[PowerShell] How to Join Data in faster way?

Last week, one of Hong Kong ex-MVP asked a question to our ex-MVPs private group. He has a PowerShell script and 2 csv data files. Both csv data file has a common column and he could like to join them and combine into a single csv data file. his code  like this,

Get csv1 | ForEach-Object -Parallel Where-Object $_.id -match $csv2.id

He complaints that it will take a very long time to handle large amount of data. And there are some comments,

  • change from -match to -eq
  • try to use hash
  • something about add-member
    …etc

From me, I just say, why not do it with LINQ? So I try to write 2 PowerShell scripts, one will be using traditional PowerShell command and another one will be using LINQ.

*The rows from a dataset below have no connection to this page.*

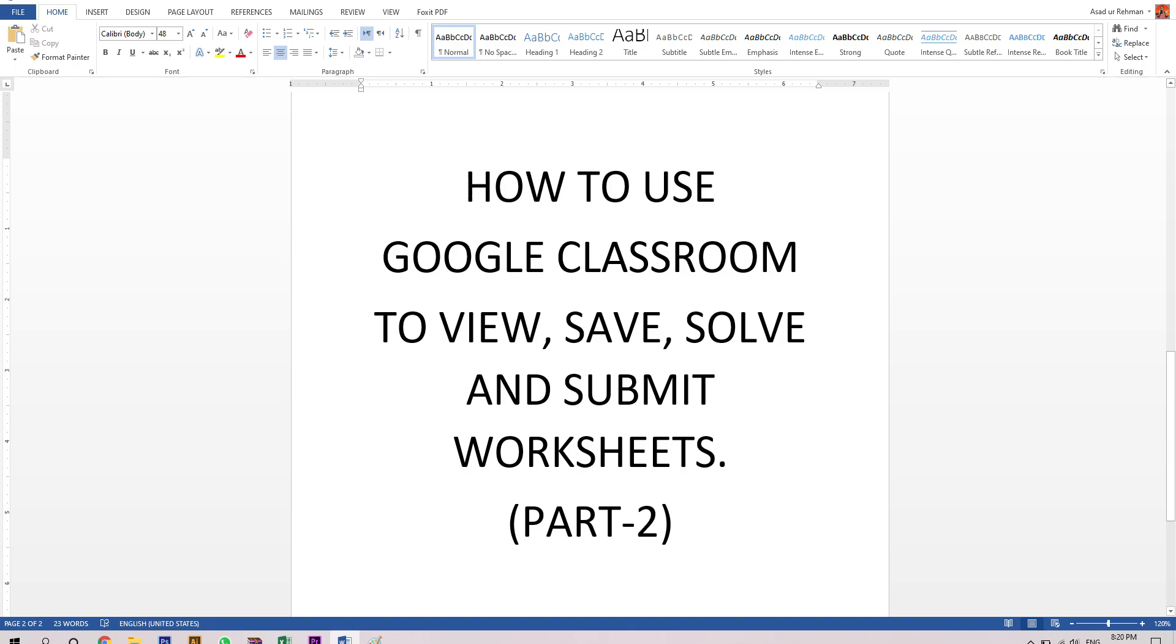In this video, we will learn how to use Google Classroom to view, save, solve, and submit the worksheets which are provided along with each of the online video lessons.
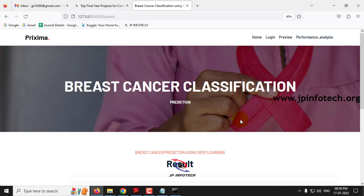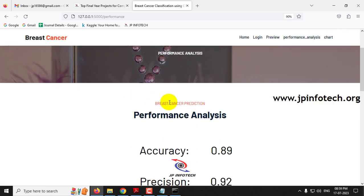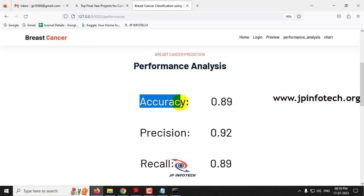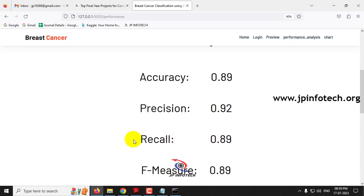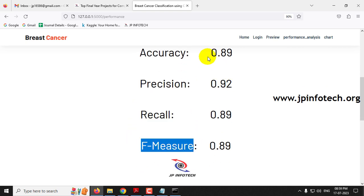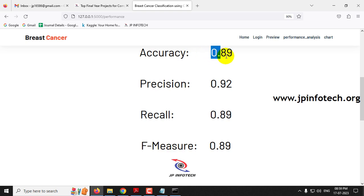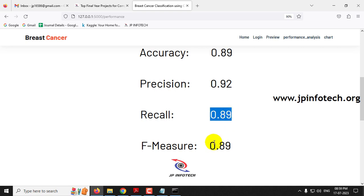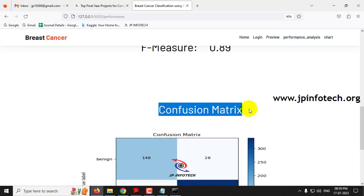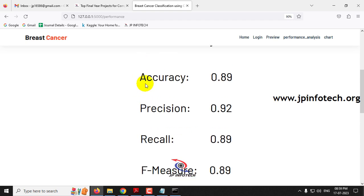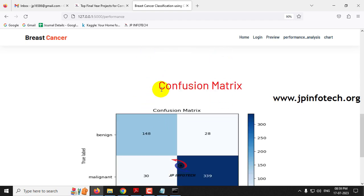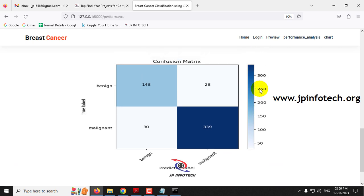Now let us move to the performance analysis part. Click on performance analysis. Here you can see the performance parameters: accuracy is 89%, precision is 92%, recall is 89%, and F-measure is 89%. You can also see the confusion matrix, which shows the true versus predicted labels for both the benign and malignant cases.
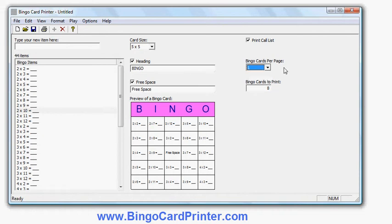But I will leave that on one. And I can choose how many bingo cards in total I want to print. So if I was preparing bingo cards for a classroom situation, I would put the number of students in my class, assuming one bingo card per student.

First, in my testing code, I will try to create 2 arrays and then generate some data into it. Here is my code,

#Create empty arrays
$datasetA = @()
$datasetB = @()
#Initialize "status" arrays to pull random values from
$genderArray = @('Male','Female','Decline to Answer')
#Loop 10 times to populate our separate datasets
1..10 | Foreach-Object {
    #Set the name with the current iteration attached
    $thisName = "Person_$_" 
    #Create an object with the name property and a random gender
    $rowA = @{
        Name = $thisName
        Gender = $genderArray[(Get-Random -Minimum 0 -Maximum 3)]
    }
    $datasetA += New-Object -Type PSObject -Property $rowA
    #Create a second object with the same name and a random age
    $rowB = @{
        Name = $thisName
        Age = Get-Random -Minimum 1 -Maximum 120
    }
    $datasetB += New-Object -Type PSObject -Property $rowB
}

It will create 2 array, each contains 10 rows. The common column will be the Name column.  One array contains a Gender column, another array contains Age column. Simple data, right?

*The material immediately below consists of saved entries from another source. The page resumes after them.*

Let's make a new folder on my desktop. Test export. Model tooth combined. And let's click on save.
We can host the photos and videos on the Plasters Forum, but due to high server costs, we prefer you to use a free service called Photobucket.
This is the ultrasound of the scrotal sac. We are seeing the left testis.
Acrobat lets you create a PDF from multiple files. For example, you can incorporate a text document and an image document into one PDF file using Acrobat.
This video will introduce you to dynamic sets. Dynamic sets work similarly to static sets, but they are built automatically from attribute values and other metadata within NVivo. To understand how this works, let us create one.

In traditional PowerShell, we might iterate through one of the arrays while doing a filter on the second array. And then either add property members to the first array or create a new objects with a combination of properties from both arrays. My code then will be something like this:

$joinedDataset =@()
foreach($rowA in $datasetA) {
    $rowB = $datasetB | Where-Object Name -eq $rowA.Name
    $joinedRow = @{
        Name = $rowA.Name
        Gender = $rowA.Gender
        Age = $rowB.Age
    }
    $joinedDataset += New-Object -Type PSObject -Property $joinedRow
}

It works fine and it only takes 32.6 milliseconds to complete. But if I increase the iterate number from 10 to 100, it then takes 174.1 milliseconds. And then 7025.7 milliseconds for 1000 records, 638429.8 milliseconds (10 min 38 sec) for 10000 records.
(P.S., it include the time it take to generate iteration arrays)

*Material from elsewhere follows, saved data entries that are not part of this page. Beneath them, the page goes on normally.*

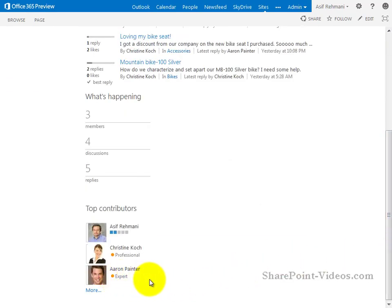So you saw how a community site can be used to design a true forum-like experience within SharePoint and to facilitate discussion around a particular subject area.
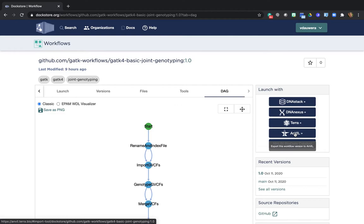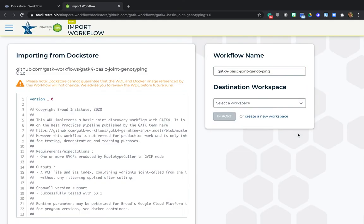But keep in mind that here, regardless of whether you choose Anvil or Terra, you'll have access to all the same resources and functionality. So there's really no wrong decision here between the two. So this takes us to the workflow import page.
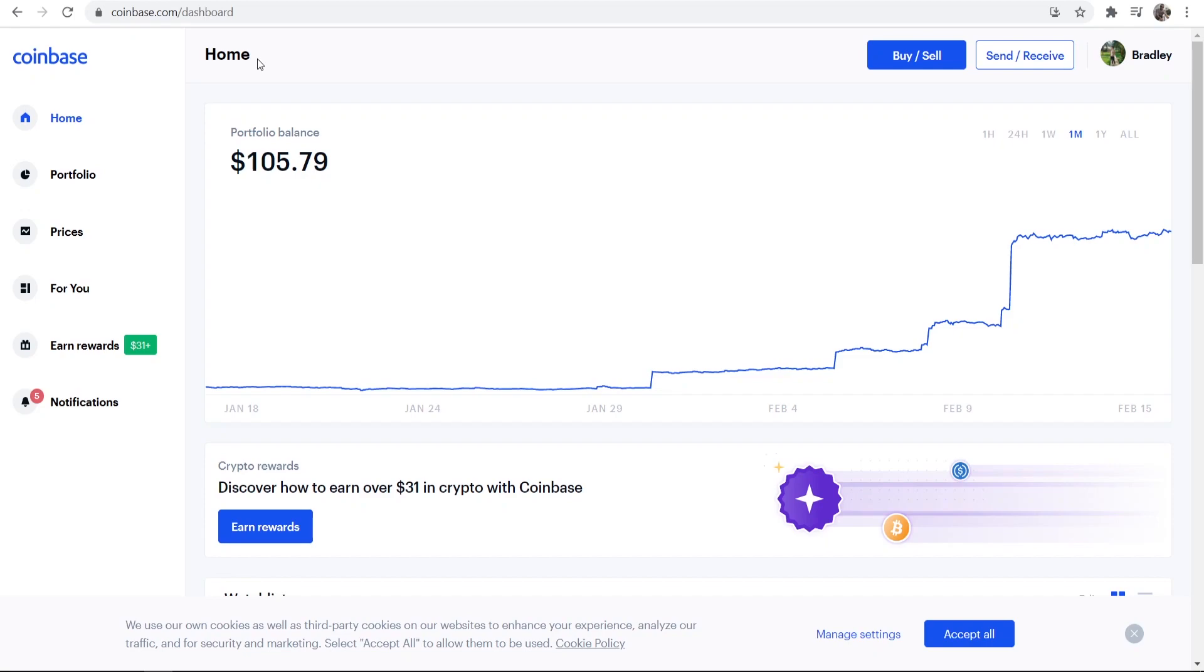In this video I'll show you how you can get the transaction history for your Coinbase account. Say you want the transaction history for all of the times you've bought and sold Bitcoin for tax purposes, well I'll show you how you can get that in this video.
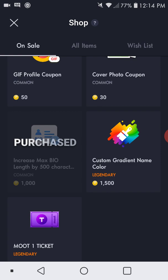Increased bio basically just increases how many words you can put in your bio, and you can make a custom color name, so if you want to be original and unique.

Now, let’s do the same with using LINQ:

$linqJoinedDataset = [System.Linq.Enumerable]::Join(
    $datasetA,
    $datasetB,
    [System.Func[Object,string]] {param ($x);$x.Name},
    [System.Func[Object,string]]{param ($y);$y.Name},
    [System.Func[Object,Object,Object]]{
        param ($x,$y);
        New-Object -TypeName PSObject -Property @{
        Name = $x.Name;
        Gender = $x.Gender;
        Age = $y.Age}
    }
)

$OutputArray = [System.Linq.Enumerable]::ToArray($linqJoinedDataset)

The time it takes will be as following,

  • 37.8 milliseconds for 10 records
  • 79.8 milliseconds for 100 records
  • 809.4 milliseconds for 1000 records
  • 16026.2 milliseconds for 10000 records

In this code, I am calling the Join method on System.Linq.Enumerable and then passing it with 5 parameters,

  1. The first dataset that it is going to join
  2. The second dataset that it joins
  3. The delegate which defines the key to compare against on the first dataset
  4. The delegate which defines the key to compare against on the second dataset
  5. Finally, we pass in the delegate which defines what the output should be

Because the Join method is a Deferred Execution. it is not actually joining the data at that time. It is just building an expression tree which defines the relational algebra needed to perform the join. So the above example code, I will need to call “ToArray()”, so that the execution could start. If you have any further codes that you will handle with the result data, you could skip the “ToArray()” code. For example, calling like this,

$linqJoinedDataset.Where({($_.Age -gt 20) -and ($_.Gender -eq "Male")})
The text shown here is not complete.